AI時代の「女神」は、あの「スカーレット・ヨハンソン」かもしれない…?その「意外すぎる理由」
Appleの「炎上CM」に込められたメッセージ
5月に入ってシリコンバレーでは、対外的なコミュニケーションでの失策が続いた。 2024年5月7日、Appleは、新型のタブレットiPad Proを発表したが、そのコマーシャルで大非難を浴びた。これまでずっと文化創造の支援者と思われてきたAppleが一転して文化の破壊者だと罵られるほどの大失態だった。 【写真】スカーレット・ヨハンソンの「艶めくドレス姿」 Appleがそのような袋小路に陥った翌週の5月13日、今度はOpenAIがGPT-4o(オムニ)での応答に利用される「声」を発表したが、この「Voice Mode」が問題となった。

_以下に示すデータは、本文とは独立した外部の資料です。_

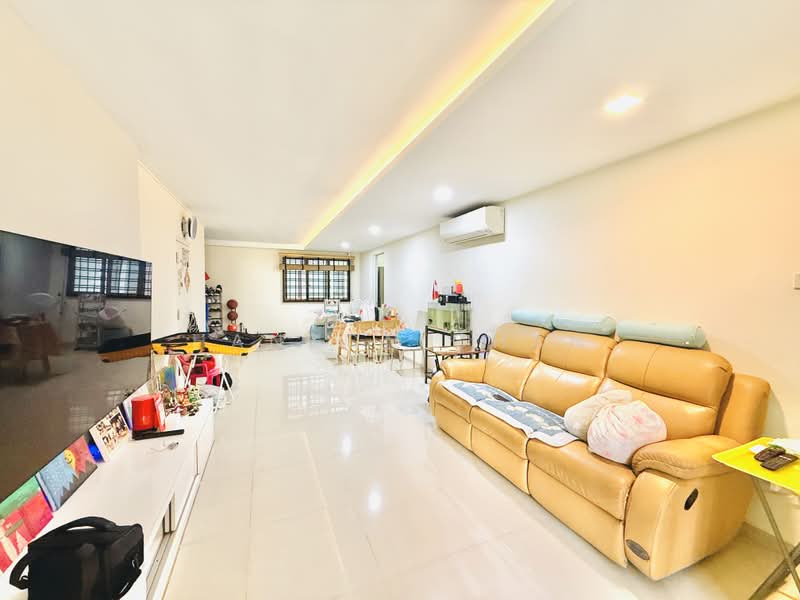 676B Jurong West Street 64, 676B Jurong West Street 64, 3 Bedrooms, 1,184 sqft, HDB Flat For Sale, by Hanson Chan, 500166111 - Living Room - PropertyGuru.com.sg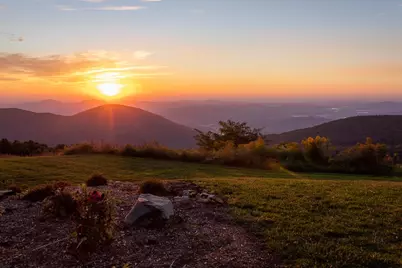 1616 Overlook Overlook, Roseland, VA 22967 - Photo 1
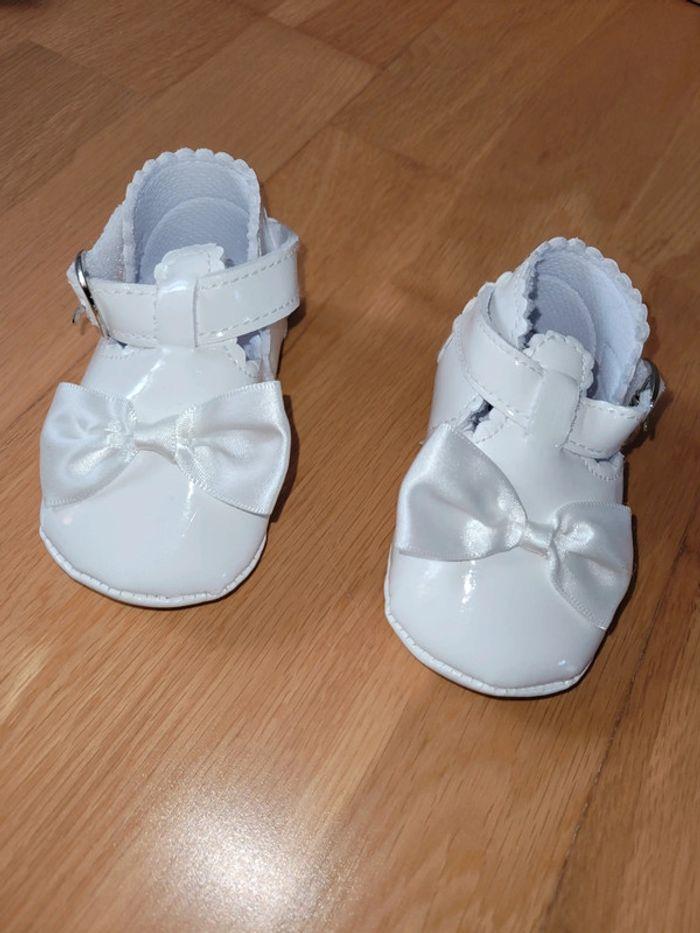 Chaussures bébé fille - photo numéro 1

映画『her 世界でひとつの彼女』で使われた声にそっくりだったからだ。結局、AppleもOpenAIもともに問題となった策を取り下げざるを得なかった。 ここでこの二つの出来事に注目したのは、どちらも「近未来のAI時代」に向けて、シリコンバレーがずいぶん「前のめり」になっていることの現れと思えたからだ。AIというテクノロジーの登場によって、競争のステージが変わりつつあることを示唆する出来事であり、今という時代の兆候でもある。AIはそれくらい戦況を変えるゲームチェンジャーとして流通し始めている。 順に見ていこう。 Appleが新型iPad Proを発表する際に使ったのは「Crush!」というCMだった。名前の通り、楽器やAV機器、ゲーム機、さらには絵の具と、今まで人類が利用してきた「創造や表現のための道具」たちを軒並み「クラッシュ(破壊)」するものだった。 それも巨大なプレス機によって少しずつ圧力をかけながら粉砕していく、ショッキングなものだ。楽器の中には、ギターやトランペットだけでなくピアノのような大きなものまで含まれていた。それらが一様にプレスされながら破壊された挙げ句、最後にそのプレス機を引き上げたところに現れたのが新型のタブレットだった、というオチだ。 メッセージは明確だ。これまで人類の進歩を支えてきた文明の利器である各種ツール、加えてそうした利器に纏わる文化的な記憶のすべてが、新しいiPad Proに圧縮されて収められており、したがってこのタブレットさえ用いれば、あらゆる文化を創造し享受することができる、というものだ。 コンバージャンスの権化であり、マルチメディアの真の実現である。デジタル技術が一般化する1990年代から語られてきた夢をついにAppleは実現した。いやAppleだからこそ実現できた、というメッセージだ。